Friday, August 21, 2009

The Year Was 1861: Where Was Your Family?

The year was 1861 and in addition to Kansas joining the United States as a free state, the territories of Dakota, Nevada and Arizona were all formed, even as the Confederate States of Mississippi, Florida, Alabama, Georgia, Louisiana, Texas, Virginia, Arkansas, North Carolina, Tennessee, Missouri, and Kentucky followed South Carolina in seceding from the Union.
The Confederacy was taking shape, and before Abraham Lincoln even took the oath of office, Jefferson Davis had been sworn in as the president of the Confederacy.
As the president-elect made his way to Washington on the now-famous train trip, conspirators in Baltimore were planning to assassinate him as he passed through that city.
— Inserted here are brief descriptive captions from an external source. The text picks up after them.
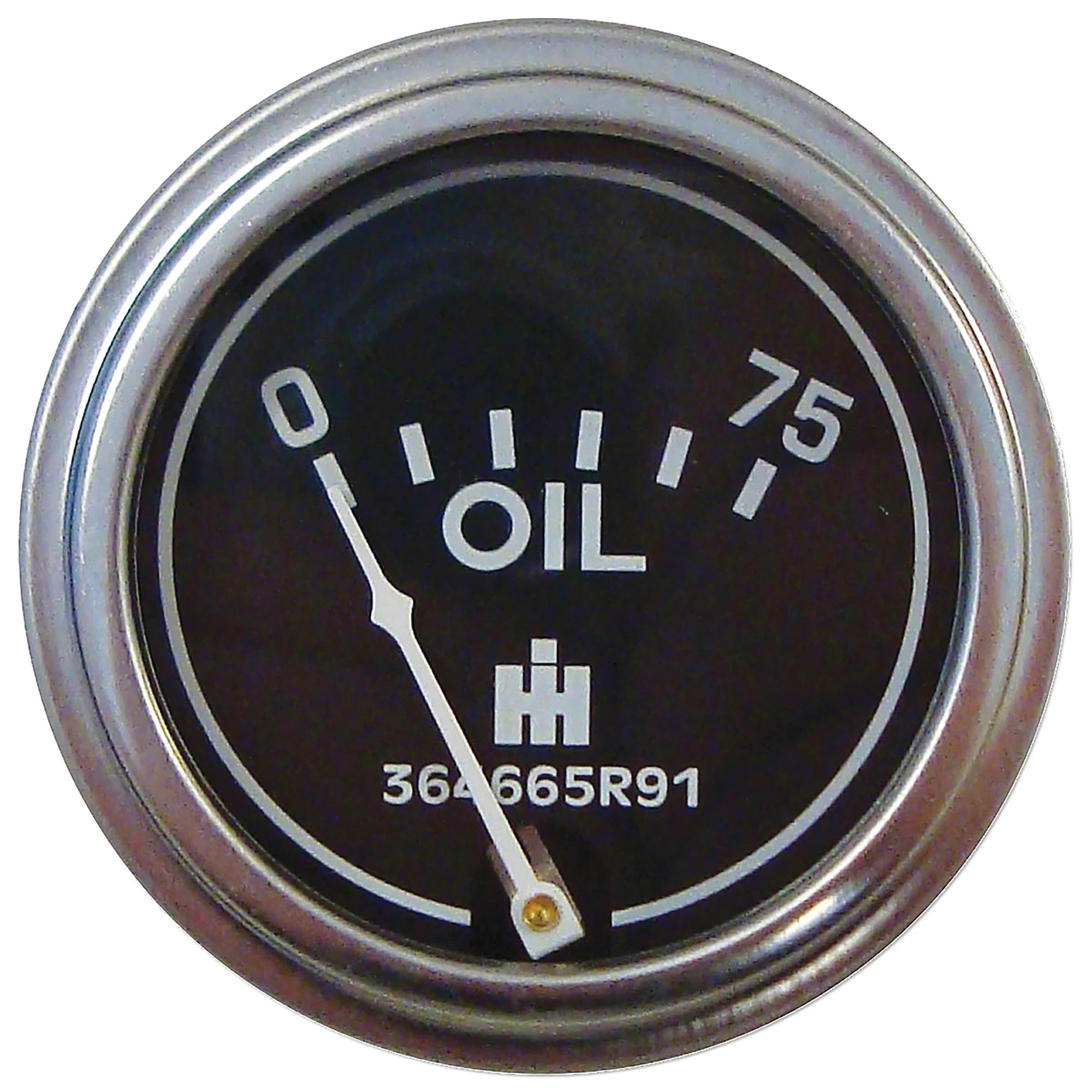 Oil Pressure Gauge | NEWHOLLANDAG | CA | EN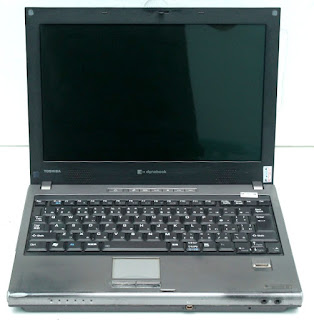 Jual Toshiba Dynabook T230e Bekas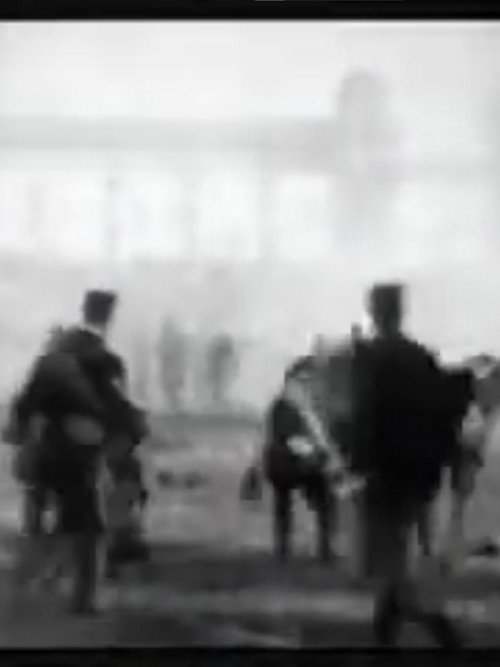 Sham Battle at the Pan-American Exposition Poster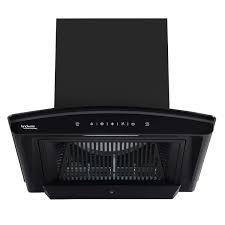 Kitchen size plays a very important role in the chimney work. Hindware Nadia 60 Cm 1200 M Hr Filterless Auto Clean Kitchen Chimney With Motion Sensor And Touch Control Black C100220 Amazon In Appliances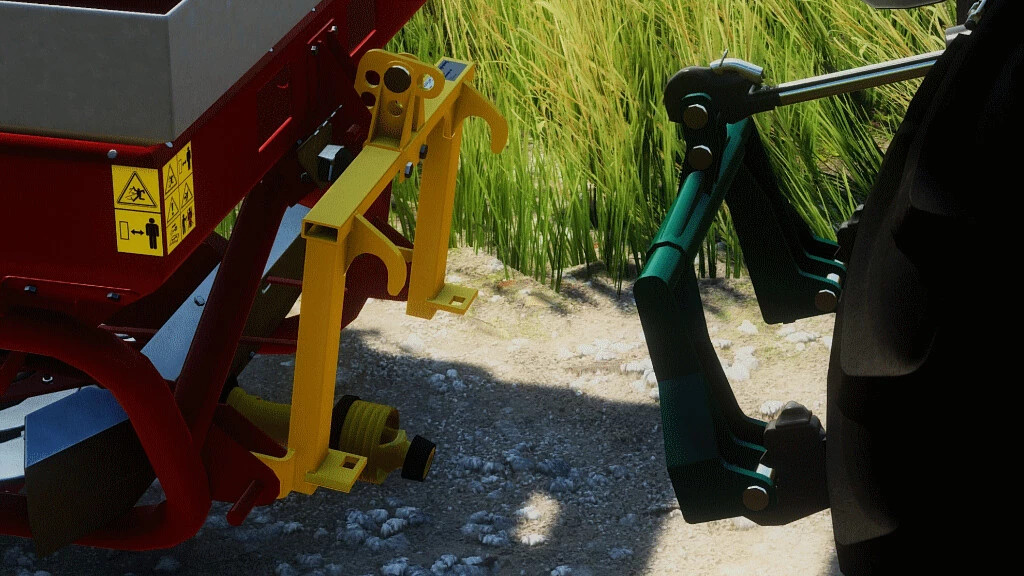 HMV Tool Frame (Prefab)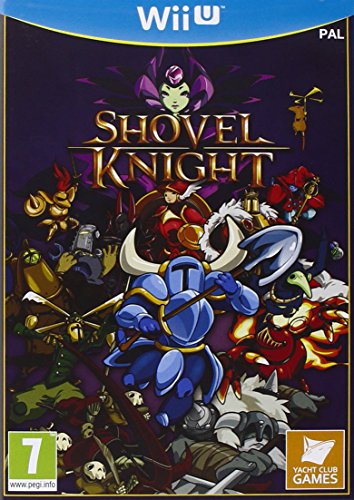 Shovel Knight [Importación Italiana]
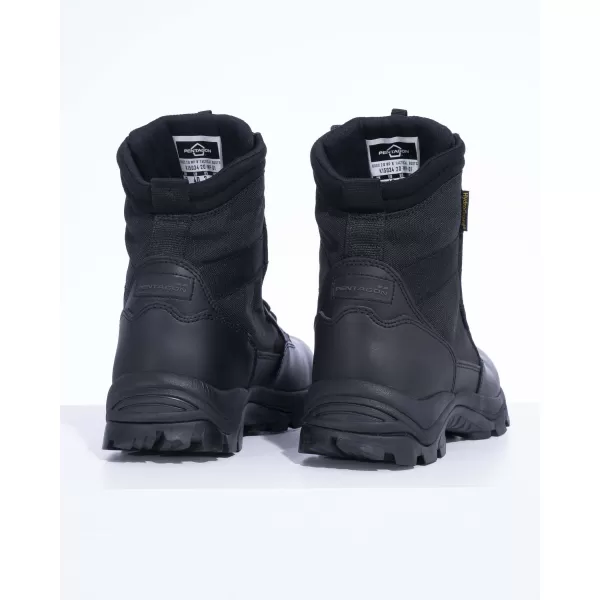  Čizme PENTAGON ODOS 2.0 TACTICAL WP 8 K15034 CRNA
Fortunately, the famous detective Allan Pinkerton had several agents who had infiltrated some of the more inflammatory elements of Baltimore society and were able to relay the details of the plot to President Lincoln and convince him to alter his plans. After fulfilling his engagement in Harrisburg, Lincoln was secretly conveyed to an earlier train that would pass through Baltimore safely the night before his scheduled arrival. As an added precaution, before he left Harrisburg, at Pinkerton’s insistence, telegraph communications from Harrisburg were cut off until Lincoln’s safe arrival in the capital to preclude the possibility that the change in plans be passed on to the assassins. For more information on the “Baltimore Plot,” see this article from Harper’s New Monthly Magazine, June 1868.
A little more than a month after President Lincoln took office, the first shots of the Civil War were fired when Confederate troops opened fire on Fort Sumter, where federal troops were stationed in Charleston Harbor.
As the war got underway, it became clear that money would be needed to fund the war and so legislation was passed creating the first income tax–3% on incomes more than $800. This tax was never put to use, but the following year, Congress passed follow-up legislation that placed a 3% tax on incomes be $600 and $10,000 and 5% on incomes greater than $10,000. It was increased in 1864 to 5% on incomes between $600 and $5,000, 7.5% for those earning between $5,000 and $10,000, and 10% for those making more than $10,000. The income tax was declared unconstitutional in 1872, but many of the Tax Assessments created by this brief income tax are now available online at Ancestry.com for members with a U.S. Deluxe membership. Click here to search and view images of the IRS Tax Assessment Lists at Ancestry.
While the United States was being torn apart by the Civil War, the Kingdom of Italy was unified under the rule of Victor Emanuel II in 1861. However, Rome remained under French protection and Venetia was under Austrian control.
In Edinburgh, Scotland, a tenement building suddenly collapsed trapping fifty people in the rubble. Thirty-five of the victims died, and just as rescuers were giving up hope a voice from the rubble cried out “Heave awa’ lads, I’m no dead yet!” The site is memorialized with a plaque that includes those words.

-Taken from ancestry.com

So where was your family in 1861? What were they doing?